== DATA FOR REVIEW ==
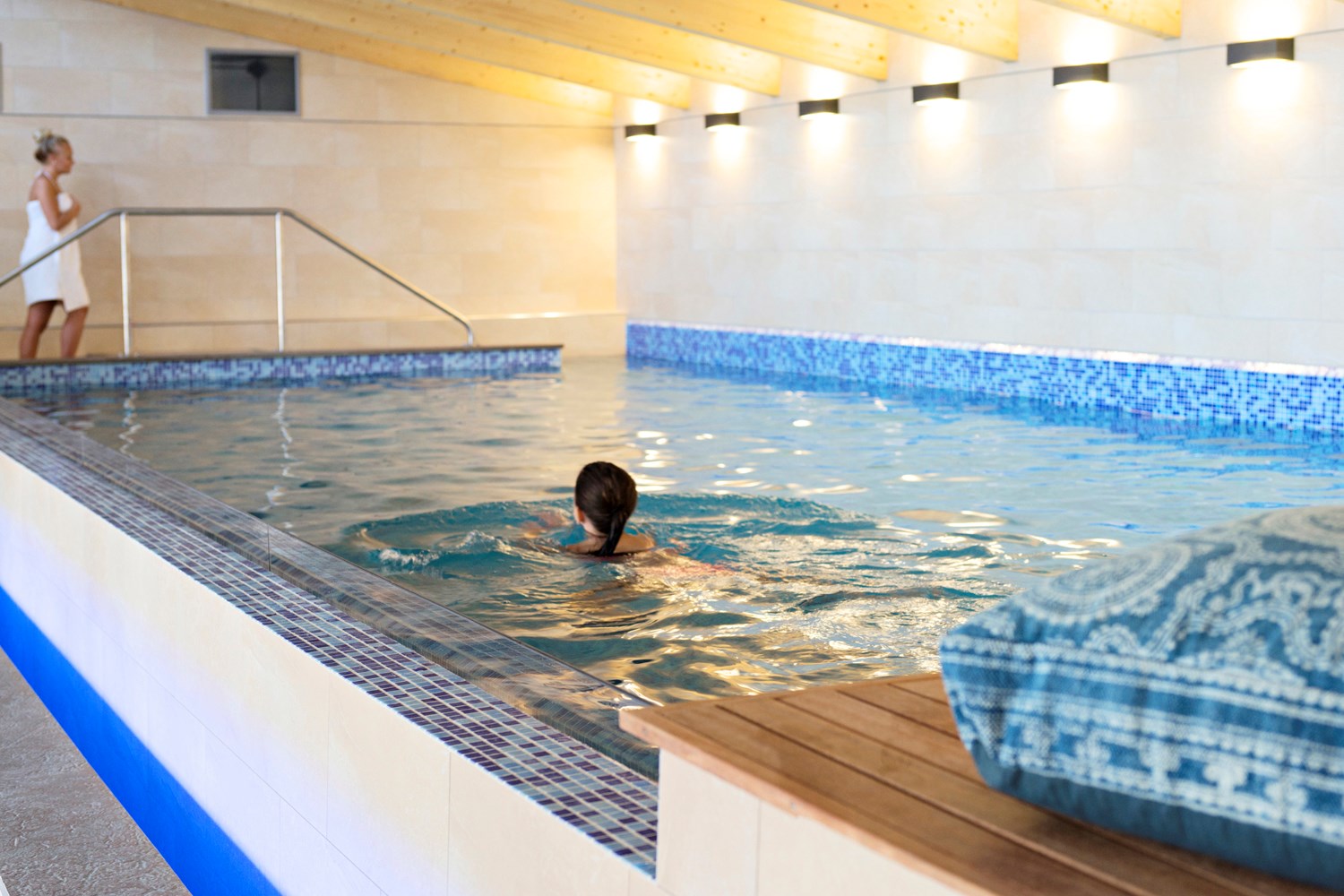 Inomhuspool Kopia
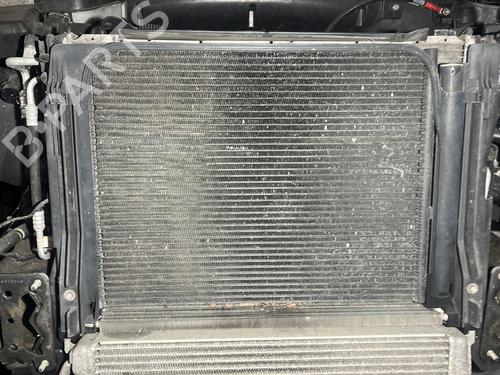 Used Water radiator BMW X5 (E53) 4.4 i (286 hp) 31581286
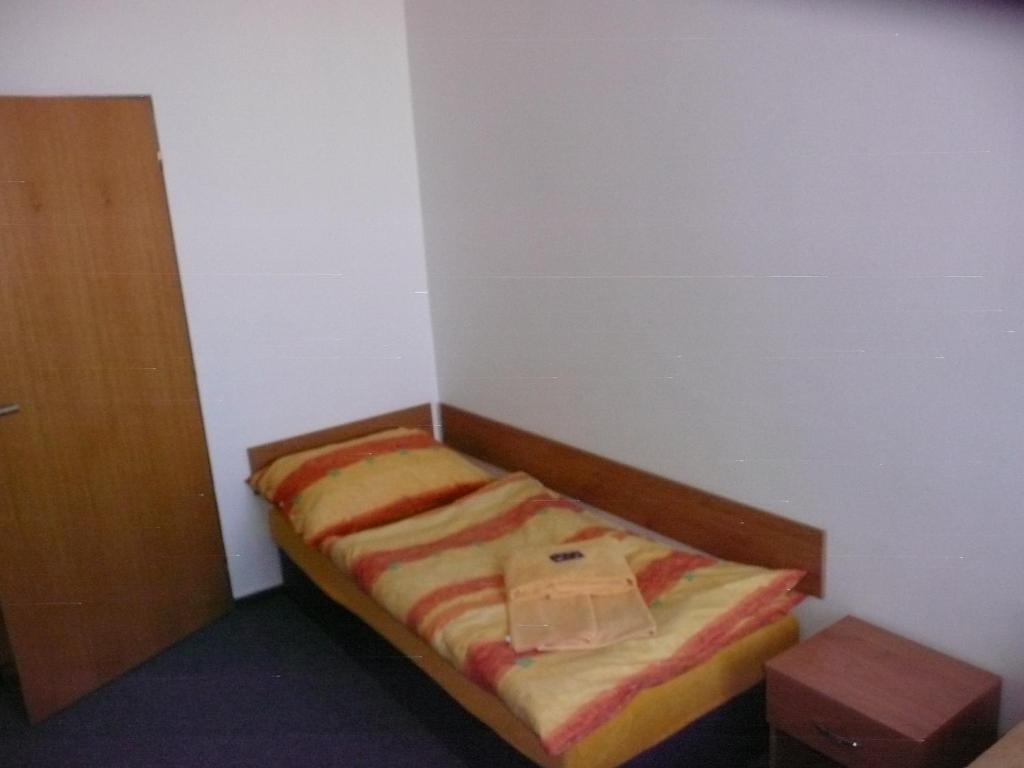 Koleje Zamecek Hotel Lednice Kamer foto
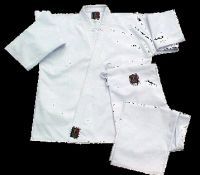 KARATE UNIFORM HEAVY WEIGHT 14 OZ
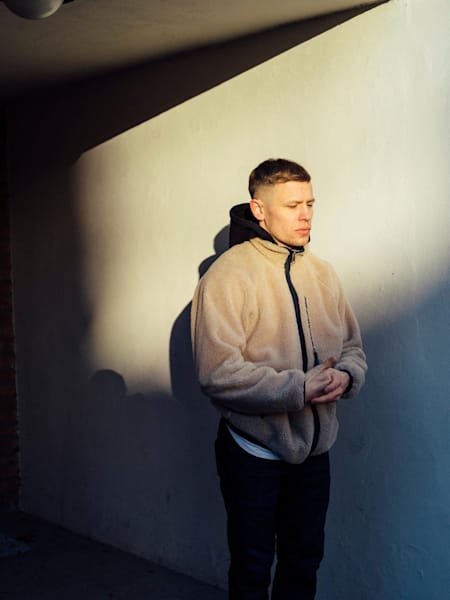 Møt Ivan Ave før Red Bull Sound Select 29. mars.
===
▶ _WHAT THE EXERCISE ASKS_
Leave the pictures out, and please copy only the lines from the one with "Used Water radiator" through the end of the listing.

▶ _RESPONSE TO THIS TASK_
 Used Water radiator BMW X5 (E53) 4.4 i (286 hp) 31581286
 Koleje Zamecek Hotel Lednice Kamer foto
 KARATE UNIFORM HEAVY WEIGHT 14 OZ
 Møt Ivan Ave før Red Bull Sound Select 29. mars.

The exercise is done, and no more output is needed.